The National Rifle Association acknowledged this week that it has moved money from accounts with foreign donation to accounts that are used for spending on U.S. political campaigns. The organization insists the transactions are “permitted by law.”
After it was announced that special counsel Robert Mueller was investigating whether the NRA was used to funnel Russian money into Donald Trump’s presidential campaign, Sen.
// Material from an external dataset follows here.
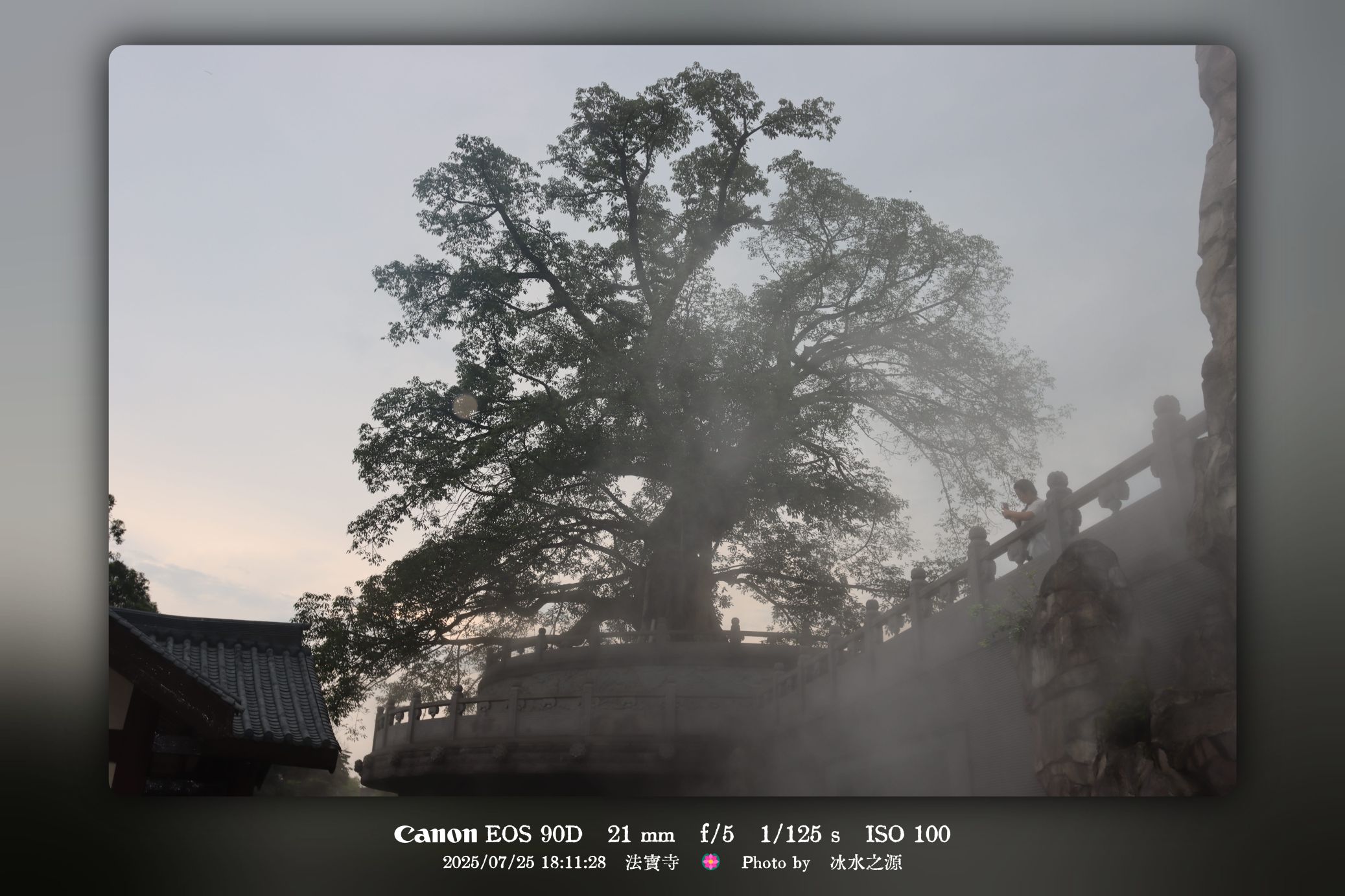 法宝寺·夏日影像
Ron Wyden (D-OR) asked the gun group to prove that the allegations were untrue.
NPR reported on Tuesday that the NRA admitted in a letter to Wyden that “we do receive some contributions from foreign individuals and entities,” but it also insisted that “those contributions are made directly to the NRA for lawful purposes.”
According to NPR, “the movement of its money between accounts could make it difficult, if not impossible, to track how the money is spent since it is not isolated or sequestered.”
In the letter to Wyden, the NRA said that it did “receive funds from foreign persons only for purposes not connected to elections, as permitted by federal law.”
And it acknowledged that some of the money in accounts containing foreign donations is moved into accounts used to fund political campaigns in the U.S. But the NRA insisted that the “transfers between accounts are made as permitted by law.”
“The NRA did not immediately respond to a request from NPR to disclose the total sum of its donations from foreign sources,” NPR noted.